Over the last few weeks, third-grade students in Mrs. Belasco’s class at Matthew Paterson Elementary School have been examining powerful words and statements from famous poets, activists and other historical figures. They also discussed how to be “change agents,” or people who make the changes they want to see in the world.

The class recently read the book “More Than Peach,” which is based on a true story of a young girl named Bellen Woodard who worked to transform the crayon industry to include a wide range of “skin-colored” crayons that could represent anyone. The students learned how Woodard began her quest for change when she was only eight years old, a similar age to the age they are now.

“The book was about how we are the same, but different. We are like crayons,” said Charlotte F. “Crayons are the same, but they are all different colors, and we are all unique.”

“After reading the book, now I am going to ask, ‘What color crayon?’ every single time someone asks me for the skin color crayon or colored pencil,” said Patrick F.

Class photo in front of the bulletin word

Belasco used the story as a lead into a lesson on how the students could advocate for change.

“An eight-year-old can cause change in this world. Did you think that was possible?” she asked the students. “Do you think you can create change in the world?”

She prompted her students to think about how they can change the world with their words. Each student was given a piece of paper to write a powerful word or a statement that they believed could lead to change.

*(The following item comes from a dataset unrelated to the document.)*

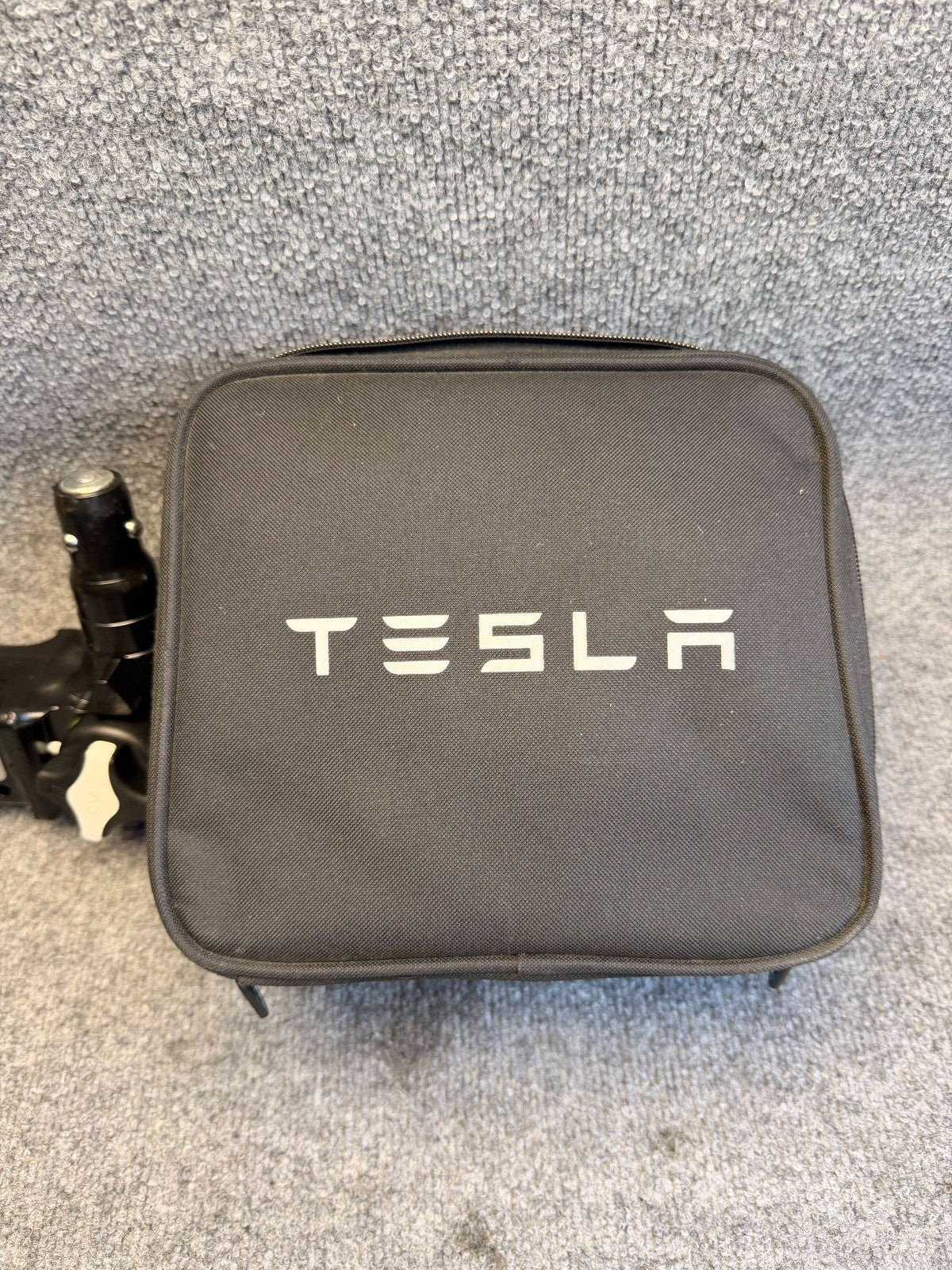 2016-24 TESLA Model X Tow ACPS Hook Trailer Hitch Receiver And Key 1027582-00-A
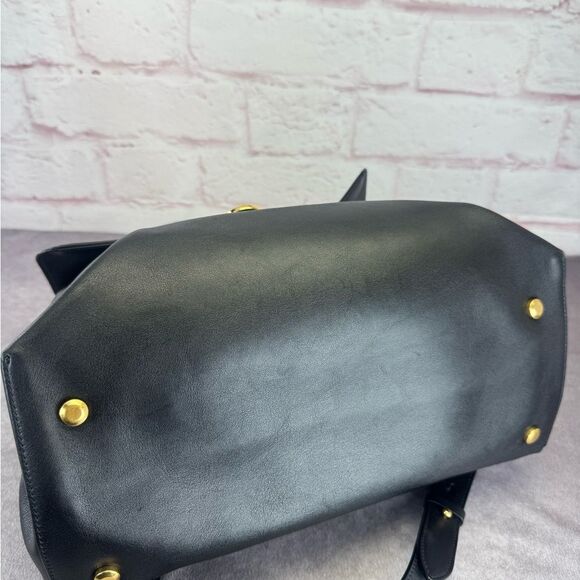 Salvatore Ferragamo Trifolio Black Leather Backpack - Picture 8 of 15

“I want men and women to make the same amount of money if they have the same job,” said student Megan V., who chose the word ‘equality”’ for her card.

“If someone pushes you down for what you love, every time you get up its going to be easier,” said Paul R. who chose “acceptance” as his word.

Isabella M. kept her word choice simple and powerful: Love. “Because people would be more respectful,” she said.

Topics for change throughout the classroom included health care, world hunger, wars and more:

Mayari M. wrote a statement on how gender has no color. Her explanation was matter of fact: “If you are a girl, you can like blue and if you are a boy, you can like pink.”

“Love yourself, no matter what,” wrote Sophia B.

“It does not matter about you in the future, it matters about now,” wrote Chase M.

“Don’t let anyone crush your imagination,” wrote Colin H.

“Courage sets you free,” wrote Charlotte F.

Together, the students' cards now create an inspirational bulletin board in the classroom. The display is a daily reminder to them that their words are powerful and can change the world for the better.